**Supplied information:**
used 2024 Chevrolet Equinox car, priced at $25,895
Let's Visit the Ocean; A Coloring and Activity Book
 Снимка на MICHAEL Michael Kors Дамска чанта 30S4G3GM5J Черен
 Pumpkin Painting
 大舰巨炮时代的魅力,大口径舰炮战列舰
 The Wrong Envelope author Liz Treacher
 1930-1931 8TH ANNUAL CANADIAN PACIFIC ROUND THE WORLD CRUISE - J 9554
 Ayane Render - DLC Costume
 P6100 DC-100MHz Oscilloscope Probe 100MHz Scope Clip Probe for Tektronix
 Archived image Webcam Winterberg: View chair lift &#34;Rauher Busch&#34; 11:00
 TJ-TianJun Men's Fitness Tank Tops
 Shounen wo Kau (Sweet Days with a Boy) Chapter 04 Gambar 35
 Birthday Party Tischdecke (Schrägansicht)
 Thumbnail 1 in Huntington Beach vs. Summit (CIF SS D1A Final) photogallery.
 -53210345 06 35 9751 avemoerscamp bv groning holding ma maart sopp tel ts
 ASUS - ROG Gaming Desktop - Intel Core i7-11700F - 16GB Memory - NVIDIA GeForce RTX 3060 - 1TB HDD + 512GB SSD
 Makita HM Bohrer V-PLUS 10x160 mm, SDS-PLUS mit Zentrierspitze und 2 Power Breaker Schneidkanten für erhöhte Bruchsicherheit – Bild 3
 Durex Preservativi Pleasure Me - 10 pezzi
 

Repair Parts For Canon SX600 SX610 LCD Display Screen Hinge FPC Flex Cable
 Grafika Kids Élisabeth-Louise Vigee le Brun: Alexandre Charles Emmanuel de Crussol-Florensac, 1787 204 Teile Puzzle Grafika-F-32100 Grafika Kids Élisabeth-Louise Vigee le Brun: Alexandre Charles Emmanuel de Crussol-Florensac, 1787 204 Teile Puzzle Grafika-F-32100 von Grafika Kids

**Exercise description:** Transcribe exactly, please, the lines from the one with "P6100 DC-100MHz Oscilloscope" to the last line of the entries above, ends included.

**Answer for the task:**
 P6100 DC-100MHz Oscilloscope Probe 100MHz Scope Clip Probe for Tektronix
 Archived image Webcam Winterberg: View chair lift &#34;Rauher Busch&#34; 11:00
 TJ-TianJun Men's Fitness Tank Tops
 Shounen wo Kau (Sweet Days with a Boy) Chapter 04 Gambar 35
 Birthday Party Tischdecke (Schrägansicht)
 Thumbnail 1 in Huntington Beach vs. Summit (CIF SS D1A Final) photogallery.
 -53210345 06 35 9751 avemoerscamp bv groning holding ma maart sopp tel ts
 ASUS - ROG Gaming Desktop - Intel Core i7-11700F - 16GB Memory - NVIDIA GeForce RTX 3060 - 1TB HDD + 512GB SSD
 Makita HM Bohrer V-PLUS 10x160 mm, SDS-PLUS mit Zentrierspitze und 2 Power Breaker Schneidkanten für erhöhte Bruchsicherheit – Bild 3
 Durex Preservativi Pleasure Me - 10 pezzi
 

Repair Parts For Canon SX600 SX610 LCD Display Screen Hinge FPC Flex Cable
 Grafika Kids Élisabeth-Louise Vigee le Brun: Alexandre Charles Emmanuel de Crussol-Florensac, 1787 204 Teile Puzzle Grafika-F-32100 Grafika Kids Élisabeth-Louise Vigee le Brun: Alexandre Charles Emmanuel de Crussol-Florensac, 1787 204 Teile Puzzle Grafika-F-32100 von Grafika Kids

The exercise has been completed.